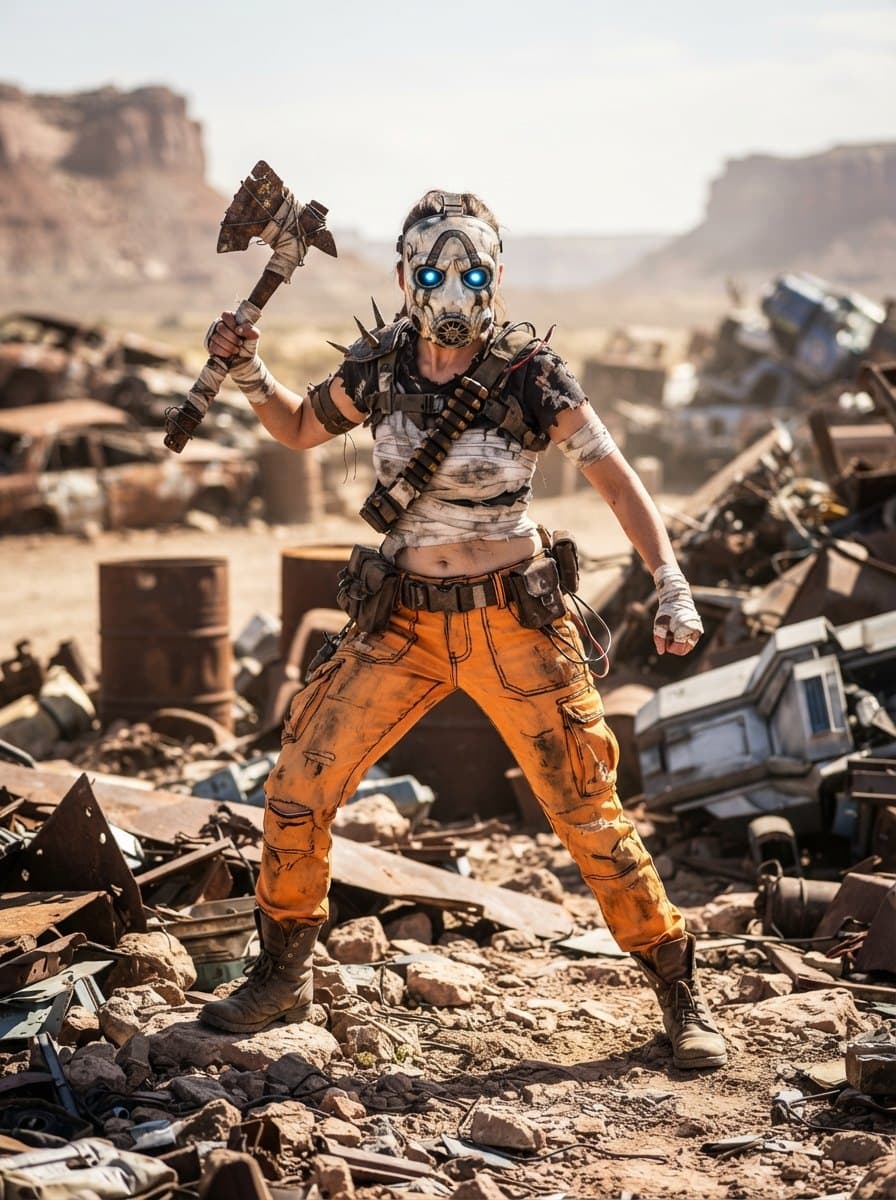 Borderlands costume — example look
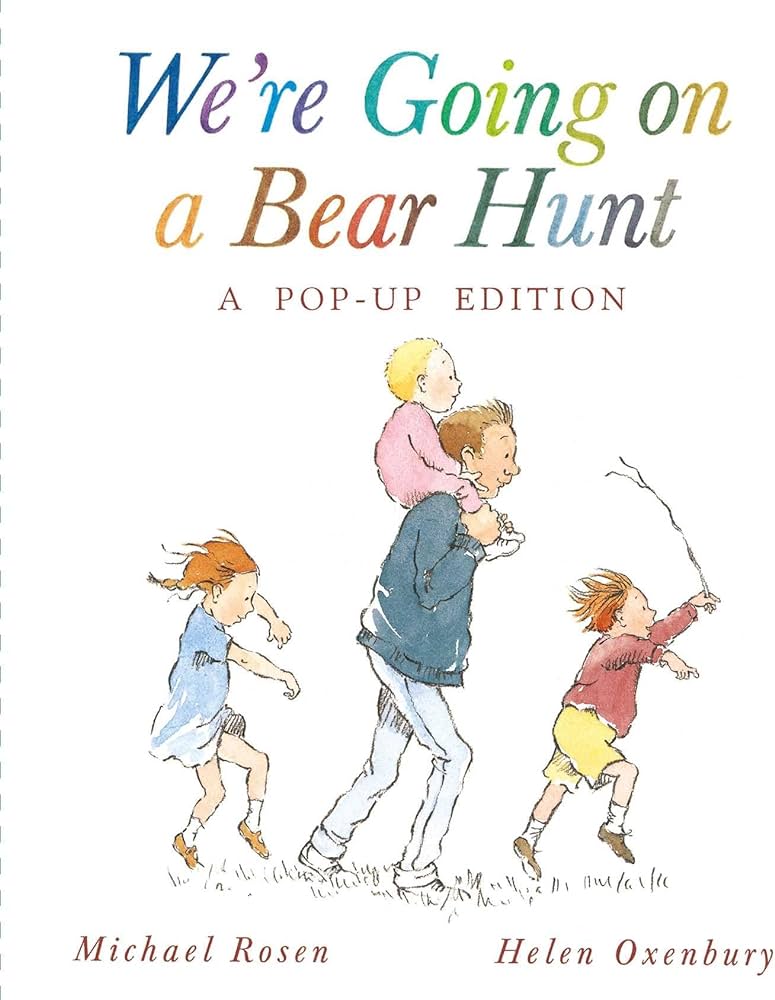 We're Going on a Bear Hunt-POP UP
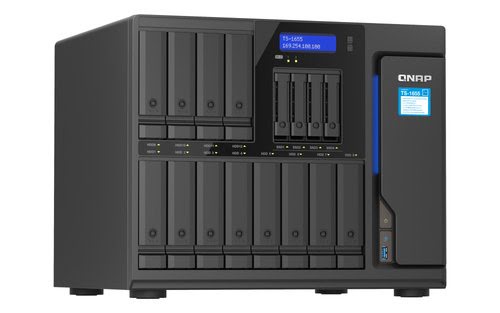 16-Bay NAS Intel Atom C5125 8-core/8 - Achat / Vente sur grosbill.com - 4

--------------------------------

▶ [WHAT IS NEEDED] None of the pictures should be kept; reproduce all the remaining material exactly.

▶ [OUTPUT OF THE EXERCISE]
 Borderlands costume — example look
 We're Going on a Bear Hunt-POP UP
 16-Bay NAS Intel Atom C5125 8-core/8 - Achat / Vente sur grosbill.com - 4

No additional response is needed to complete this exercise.